Behind the scenes are machine learning models that classify nodes based on the data they contain about users—for example, their level of education, location or political affiliation. The models then use these classifications to recommend people and pages to each user. But there is significant bias in the recommendations made by these models—known as graph neural networks (GNNs)—as they rely on user features that are highly related to sensitive attributes such as gender or skin color.
Recognizing that the majority of users are reluctant to publicize their sensitive attributes, researchers at the Penn State College of Information Sciences and Technology have developed a novel framework which estimates sensitive attributes to help GNNs make fair recommendations.
“It has been widely reported that people tend to build relationships with those sharing the same sensitive attributes such as ages and regions,” said Enyan Dai, doctoral candidate in informatics and lead author on the research paper. “There are some existing machine learning models that aim to eliminate bias, but they require people’s sensitive attributes to make them fair and accurate.

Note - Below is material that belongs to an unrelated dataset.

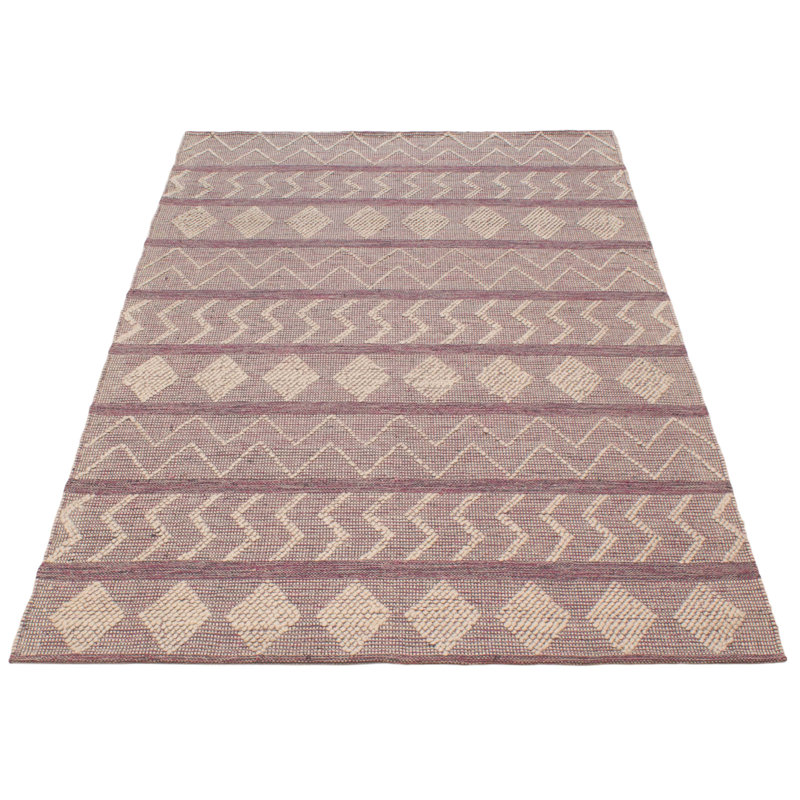 Stefanee Wool Geometric Indoor Rug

We are proposing to apply another model based on the very few sensitive attributes that we have (and instead look at other provided information) which could provide us very good insight to give fair predictions toward sensitive attributes such as your gender and skin color.”

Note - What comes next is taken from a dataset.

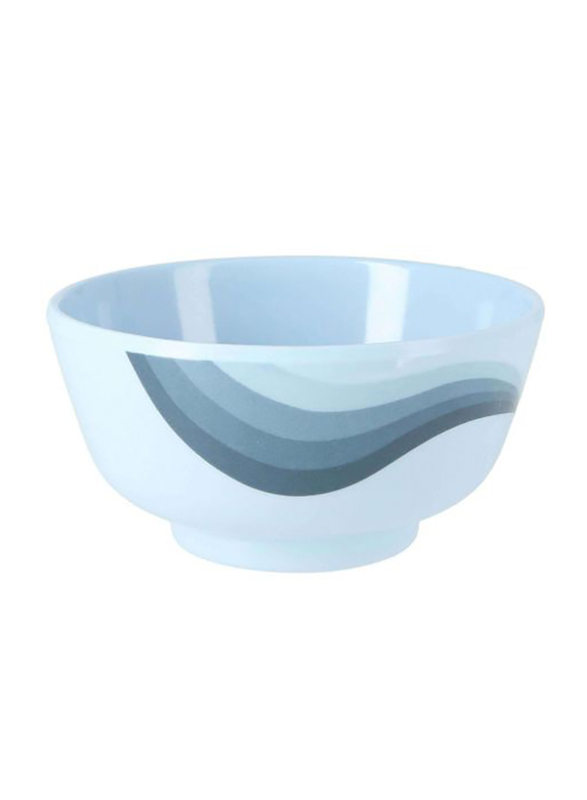 

RoyalFord 4.5-inch Super Rays Melamine Round Bowl, Blue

The researchers trained their model with two real-world datasets: user profiles on Pokec, a popular social network in Slovakia, similar to Facebook and Twitter; and a dataset of approximately 400 NBA basketball players. In the Pokec dataset, they treated the region in which each user was from as the sensitive attribute, and set the classification task to predict the working field of the users. In the NBA data, they identified players as those in the U.S. and those overseas, using location as the sensitive attribute with the classification task to predict whether the salary of each player is over the median.
They then used the same datasets to test their model with other state-of-the-art methods for fair classification. First, they evaluated FairGNN in terms of fairness and classification performance. Then, they performed “ablation studies”—which remove certain components of the model to test the significance of each component to the overall system—to further strengthen the model. They then tested whether FairGNN is effective when different amounts of sensitive attributes are provided in the training set.
“Our experiment shows that the classification performance doesn’t decrease,” said Suhang Wang, assistant professor of information sciences and technology and principal investigator on the project. “But in terms of fairness, we can make the model much more fair.”
According to the researchers, their framework could make an impact for other real-world use cases.
“Our findings could be useful in applications, such as job applicant rankings, crime detection or in financial loan applications,” said Wang. “But those are domains where we don’t want to introduce bias. So we want to give accurate predictions while maintaining fairness.”
Added Dai, “[If] this fair machine learning model could be introduced in these applications, we will have more fair data and this problem would be gradually dissolved.”
Dai and Wang presented their work this week at the virtual ACM International Conference on Web Search and Data Mining.